A Paco Sanz, valenciano de 48 años, se le había diagnosticado en 2009 el síndrome de Cowden, una enfermedad rara de origen genético que se caracteriza por la aparición de una serie de tumores benignos. Se le concedió la incapacidad absoluta para trabajar por enfermedad común con una pensión de 745,99 euros al mes. Era vigilante de seguridad.

Hizo creer que su caso era realmente mucho más grave y que la única manera de salvarse era un tratamiento experimental que no existía en España; primero creó una página web en la que exageraba los síntomas para «conmover» a posibles donantes con expresiones como «me avergüenza pedir dinero», «solo quiero seguir viviendo» o «las autoridades me ignoran».

Incluía en la página varios números de cuenta, en las que implicaba a sus padres, y ofrecía también la posibilidad de enviar un mensaje de móvil solidario con la palabra «Paco» y un coste de 1,45 euros.
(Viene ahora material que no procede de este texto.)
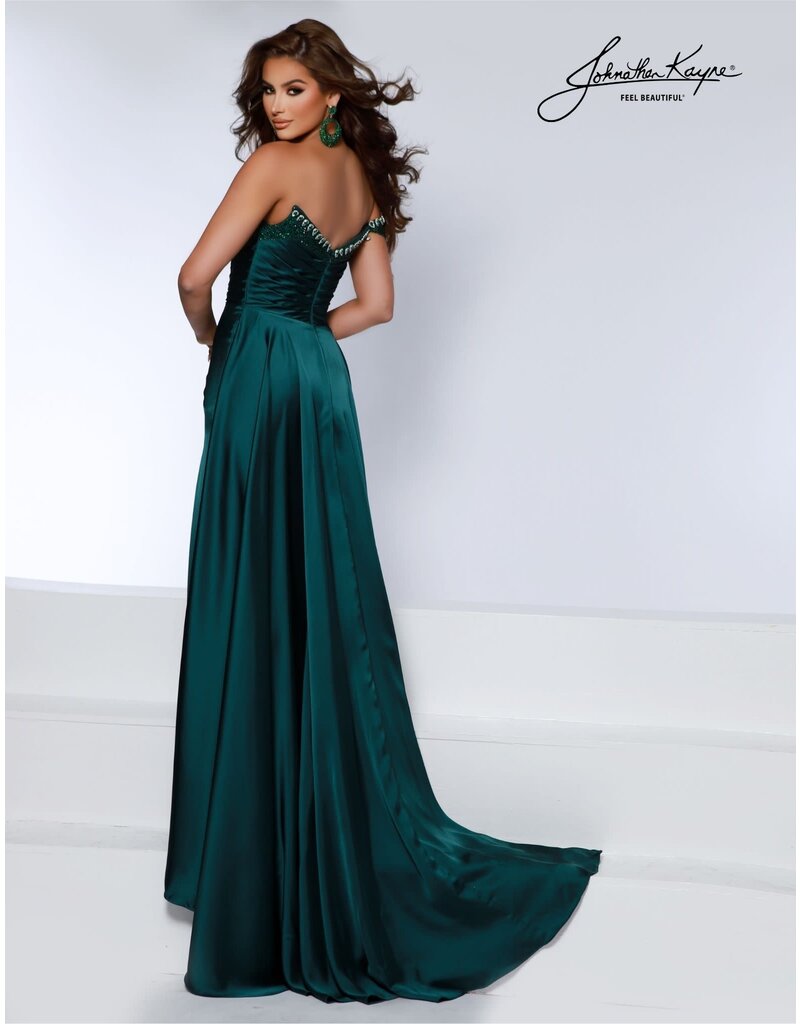 One shoulder rouched bodice gown 2898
En 2012 creó la «Asociación Paco Sanz para la investigación del síndrome de Cowden España» (Apsisce).

Los afectados

Entre los afectados por la estafa está la Fundación Seur, que en tenía activa la campaña «Tapones para una nueva vida» y le transfirió 10.000 euros; y el humorista Santi Rodríguez, que organizó una gala benéfica en Valencia en 2013 en la que participaron de forma altruista reconocidos artistas y en la que se recaudaron 3.000 euros.
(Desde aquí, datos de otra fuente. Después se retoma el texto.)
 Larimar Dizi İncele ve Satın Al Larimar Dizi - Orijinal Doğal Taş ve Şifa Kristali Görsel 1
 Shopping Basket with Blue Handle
Ese año se publicó también el libro «Paco Sanz, una vida de sueños, una vida de lucha», escrito por Miguel Hervas Abad, con prólogo del youtuber AuronPlay y epílogo de Pedro García Aguado, exdeportista profesional y presentador de diversos programas, quienes colaboraron de forma altruista en un proyecto con el que el presunto estafador logró 2.184 euros.

Entre 2015 y 2017 mantuvo una relación sentimental con L.C.C., quien, de acuerdo con el escrito de acusación del Ministerio Público, tuvo conocimiento del fraude y en 2016 abrió una cuenta en la que figuraba como persona autorizada y que su pareja publicitaba en las redes para recibir ayudas.

Los fondos que recaudaron se emplearon, entre otros fines, para comprar un coche, viajes, cruceros, comidas en restaurantes, saldar préstamos, pagar facturas, equipos informáticos, ropa y móviles.

Fue en el programa de La Mañana de TVE donde se destapó el pastel. Unos vídeos de Paco Sanz en los que éste se burlaba y reía de sus seguidores y donantes y fotografías de sus viajes y objetos de lujo presuntamente adquiridos con la estafa.